On 23 June 2015 at 00:44, Greg Earle <earle at isolar.dyndns.org> wrote:
But the rest of their systems (all but one) are CentOS 5.8-5.11 and with xymon-client-4.3.17-1.el5.centos RPMs installed, enabling CLIENTHOSTNAME in "/etc/sysconfig/xymon-client" apparently has no effect. They all show up as Ghost Clients.
Maybe try adding into /etc/default/xymon-client or /etc/default/xymon? Some systems use a different location for this file. I think it's defined in the xymonclient.cfg file, like so:
include /etc/sysconfig/xymon-client
Maybe check if the environment is actually being set as you expect:
$ strings /proc/pgrep -f sh.*vmstat/environ|egrep "HOST|MACHINE"
This will search the environment for the vmstat command run by the Xymon client.

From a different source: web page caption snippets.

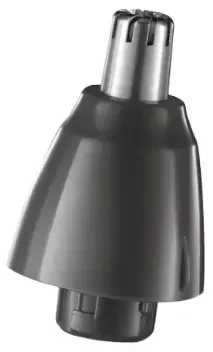 Trimmer pentru bărbați Remington NANO SERIES, Negru  | Albastru — foto 2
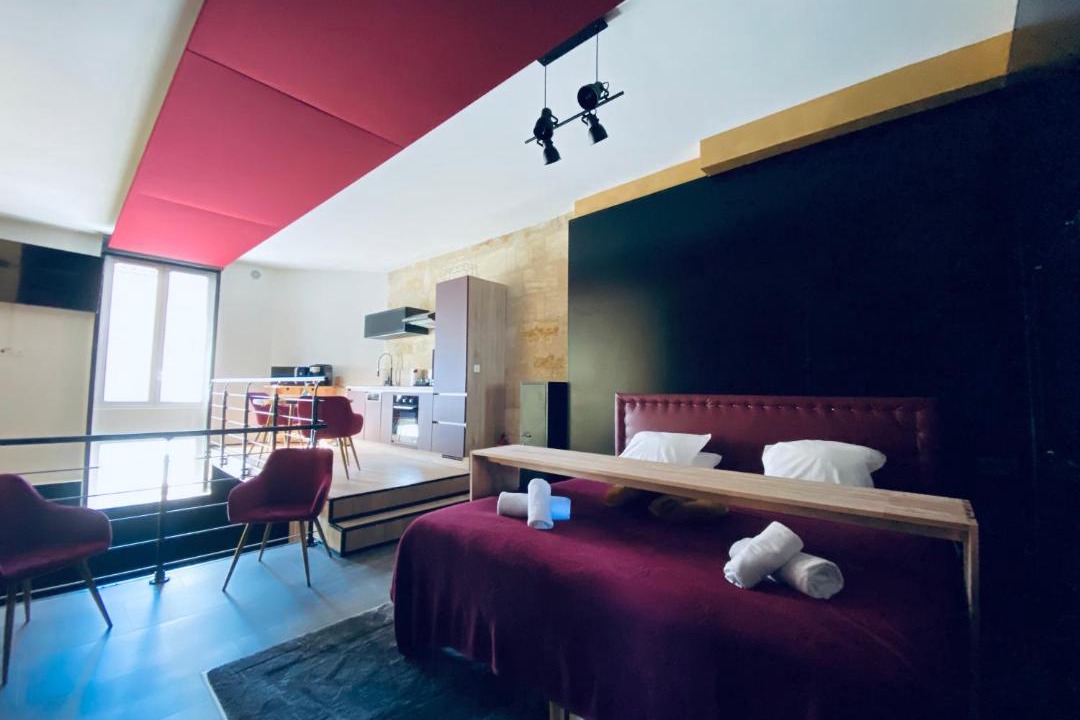 Photo of Bedroom in Saint Augustin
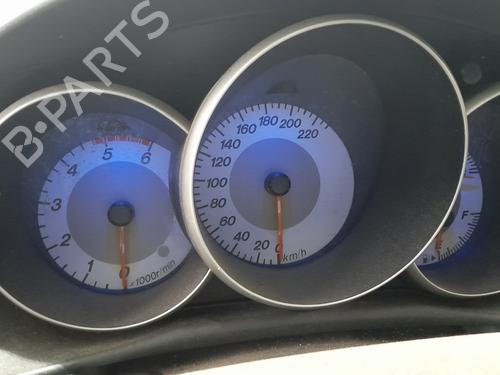 Fælk MAZDA 3 Saloon (BK) 1.6 DI Turbo (BK12Y) | BP12782307C45 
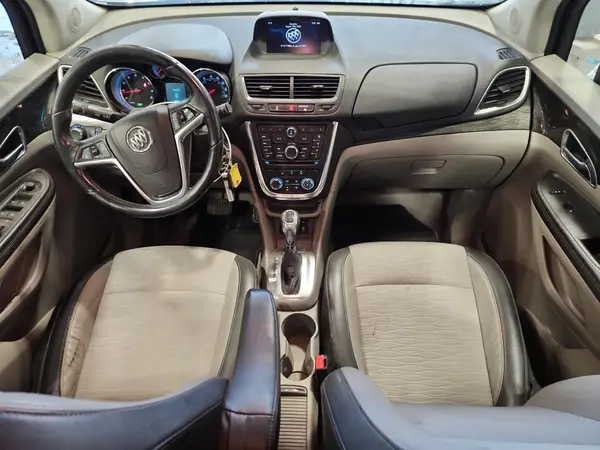 KL4CJASBXGB642846 2016 BUICK ENCORE - Image 8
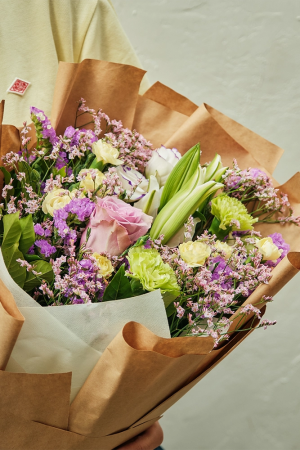 Petal Poetry Mini (Purple)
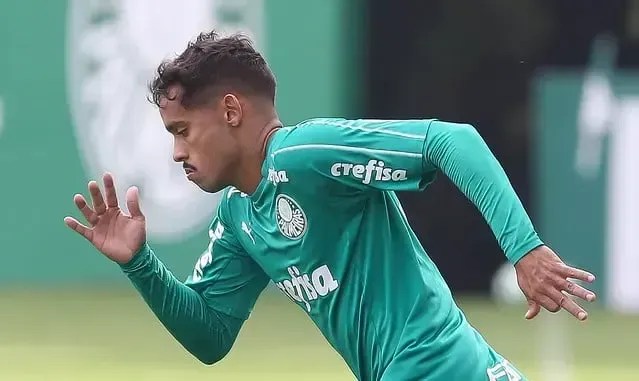 Atlético: como foi desempenho de Scarpa com Felipão no Palmeiras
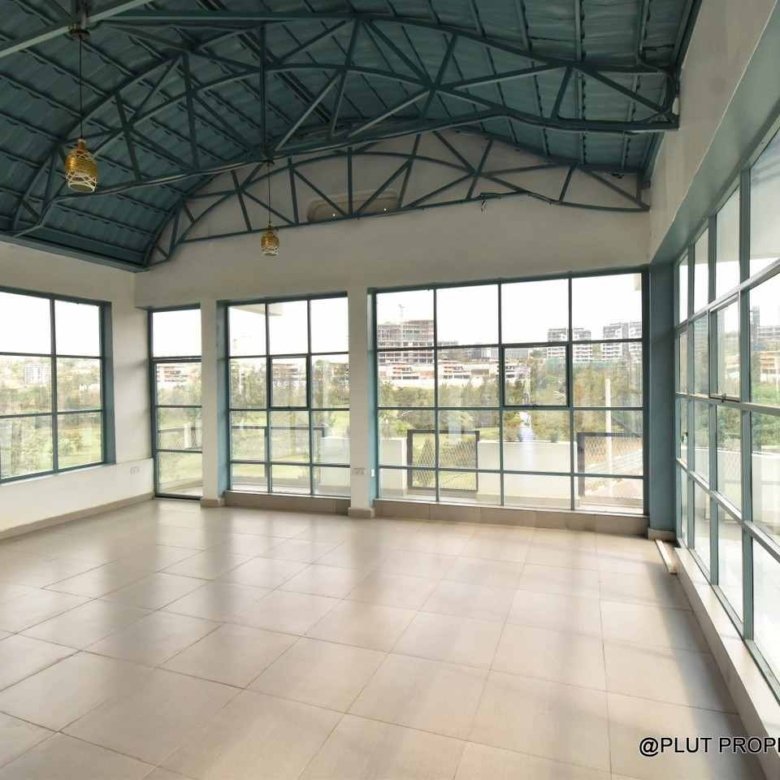 Kacyiru Golf course view house for rent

From what I can tell, CLIENTHOSTNAME is used, if defined. The RHEL (CentOS) init script looks for CLIENTHOSTNAME being defined, and if so, appends "--hostname=<whatever>" to the command-line of runclient.sh. This script looks for --hostname and uses the value to defnine the env var MACHINEDOTS=<whatever> and also use it to define MACHINE (with commas instead of dots). If this all works as it should, then when running "service start xymon-client" you should see "Xymon client for Linux started on <whatever>" and the PID file should be called clientlaunch.<whatever>.pid (where <whatever> is what you specify in CLIENTHOSTNAME).